According to the CDC the incidence of suicide has increased 24% since 1999, most significantly for girls aged 10-14 (CDC, 2015). Despite comprehensive research strategies and significant resources, over 47,770 people every year die by suicide. This translates to 117 deaths per day; additionally, someone attempts to take their own life every 30 seconds (Drapeau & McIntosh, 2015). Research on suicide includes risk and protective factors, childhood antecedents, and predictors of suicide behavior; however, research has not improved our ability to differentiate between those who only think about suicide from those who actually attempt to take their own life. The purpose of this study was to analyze commonly known risk factors of suicidality in a predictive model to assess whether or not it is possible to distinguish between those who ideate about and those who attempt suicide.

Methods

Using the National Longitudinal Study of Adolescent to Adult Health wave IV data, a binomial logistic regression was performed to assess the following research question: What factors most strongly predict whether or not an individual will engage in suicidal action compared to only ideating about suicide? Predictors included gender, mental health symptoms (e.g., anxiety, isolation, overwhelmed), and relationship with parents.
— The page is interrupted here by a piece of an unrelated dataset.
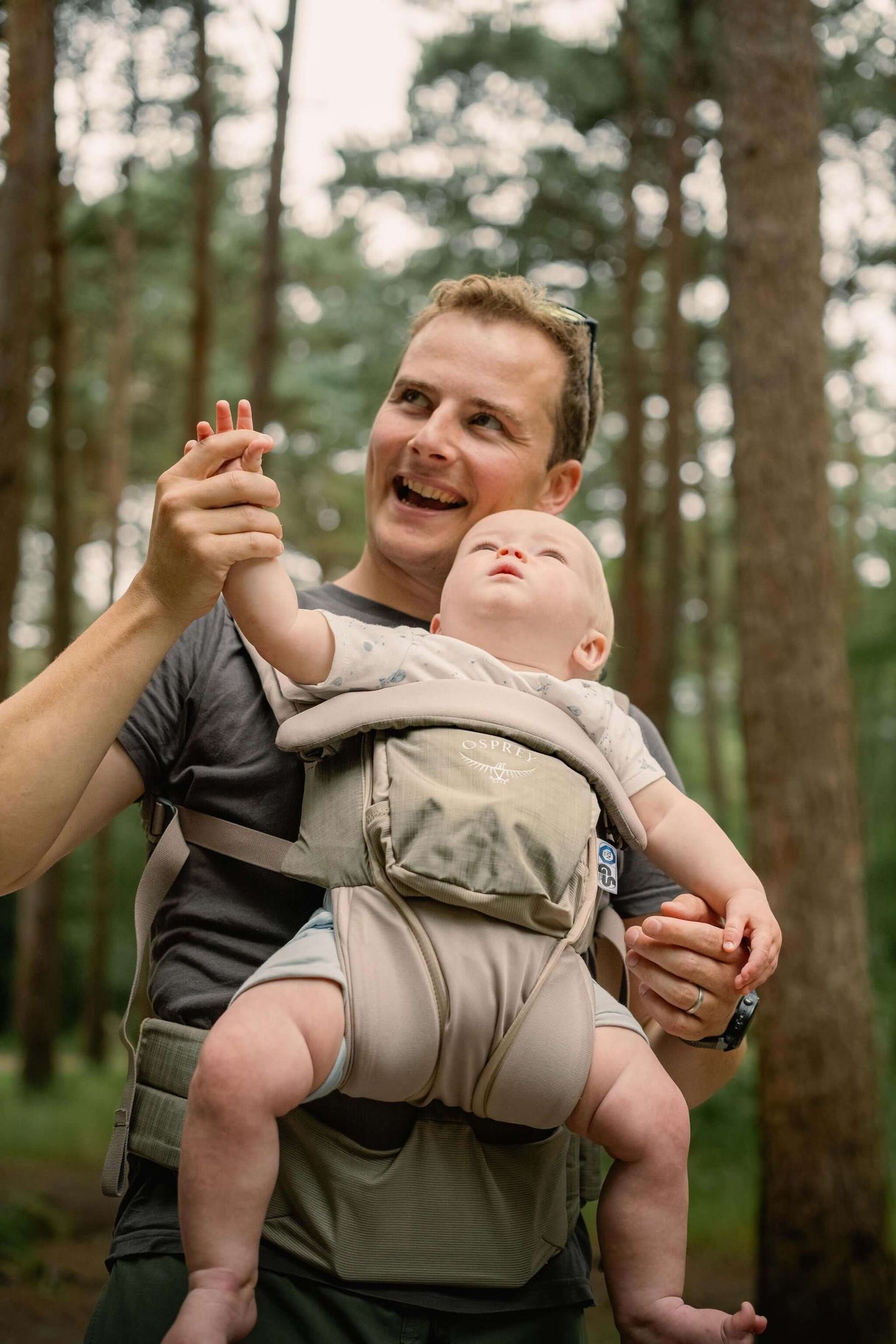 Parent using Osprey Poco Soft Child Carrier LT - Tan Concrete while exploring nature with baby | Babymaxi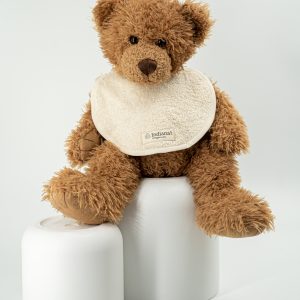 Osito de peluche con babero beige de algodón orgánico Indiana 1727.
Results are presented at α=.10 with 95% confidence intervals.

Results

Results of the analysis indicate that the model was a better fit to the data than the null model (x2(19) =28.34; p<.1). Pseudo R2 indicates that the model is useful in explaining group membership (Cox & Snell=.13; Nagelkerke=.23). The Hosmer and Lemeshow goodness of fit test indicates a good fit between the model and the data (x2(8)=12.42; p=.13). Parameter estimates showed that feeling overwhelmed (OR=;.52;95% CI:.29,.92), are unable to shake off the ‘blues’ (OR=2.54;95% CI:.1.35,4.77), having trouble staying asleep (OR=1.36;95% CI:.95,1.94), and having a family member or  friend attempt to kill themselves (OR=2.78;95% CI:.87,8.91), are significantly predictors of attempting suicide. The results indicate that the odds of making a suicide attempt, compared to persons just thinking (ideating) about suicide, are 2.78 times higher for those with family/friends who had previously attempted suicide; 2.54 times higher for those who felt like they were unable to shake off the ‘blues’ in the 7 days prior their interview; 1.36 times higher for those who are often unable to stay asleep; and .521 higher for those who felt overwhelmed in the 7 days prior to their interview. The overall success rate of the model to predict suicide action is 86.7%.  

Implications

Being able to differentiate between those who think about suicide from those who attempt would directly influence practice in regards to the ways in which individuals are approached, assessed, and subsequently referred to for services in the midst of a suicidal crisis.